Prerequisites: - Optional but recommended: set TAVILY_API_KEY for the Tavily backend. - For the DuckDuckGo backend, install duckduckgo_search and beautifulsoup4 for better results.

Quick start (auto backend):

from omicverse.llm.domain_research import ResearchManager

# Easiest: `vector_store="web"` auto-selects Tavily if TAVILY_API_KEY is set,
# otherwise falls back to DuckDuckGo.
rm = ResearchManager(vector_store="web")
report = rm.run("State-of-the-art methods for single-cell integration in 2024")
print(report)

Force backend or tweak retrieval: - vector_store="web:tavily" or vector_store="web:duckduckgo" to force a backend. - For manual control (e.g., max_results, fetch_content), import and instantiate WebRetrieverStore directly.

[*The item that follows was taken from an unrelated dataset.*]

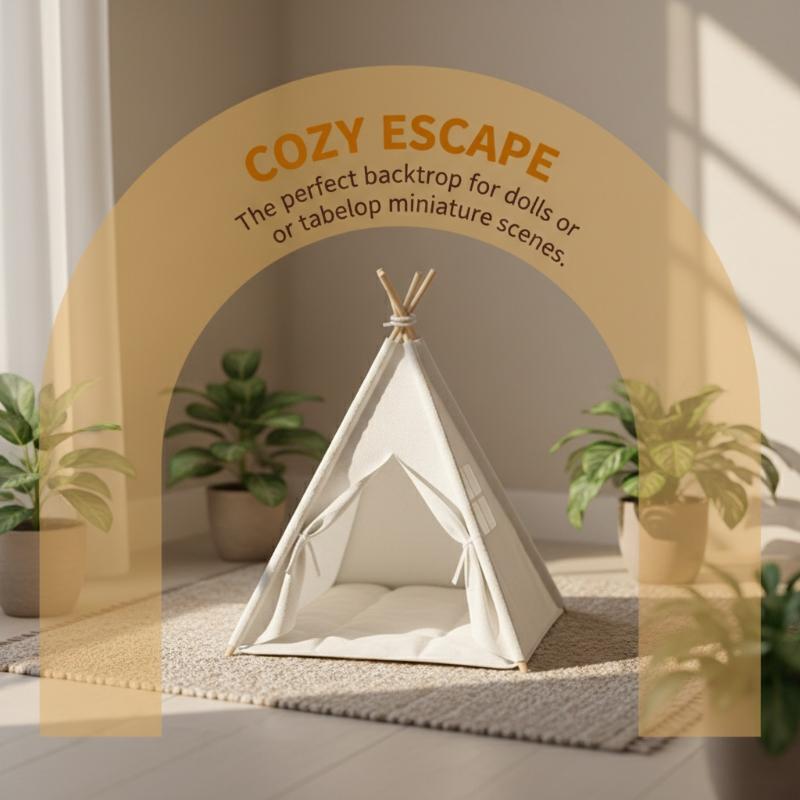 [JN] 1:12 Scale Camping Tent M - Outdoor Camping House review and price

Tips: - fetch_content=True fetches and extracts text from result URLs. Set to False to rely on snippets only. - Combine with an LLM-backed synthesizer for a stronger executive summary:

import os
from omicverse.llm.domain_research.write.synthesizer import PromptSynthesizer

synth = PromptSynthesizer(
    model="gpt-4o-mini",
    base_url="https://api.openai.com/v1",
    api_key=os.getenv("OPENAI_API_KEY", ""),
)
rm = ResearchManager(vector_store="web", synthesizer=synth)
print(rm.run("Multi-omics integration benchmarks 2023–2025"))

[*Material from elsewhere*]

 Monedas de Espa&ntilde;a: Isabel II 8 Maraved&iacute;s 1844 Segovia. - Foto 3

Troubleshooting: - Tavily: ensure TAVILY_API_KEY is set and valid. - DuckDuckGo: for best stability use the duckduckgo_search package; otherwise the HTML fallback may be rate-limited or change over time. - If pages are not HTML or are behind paywalls, the fetcher returns the raw response text (truncated) as the document body.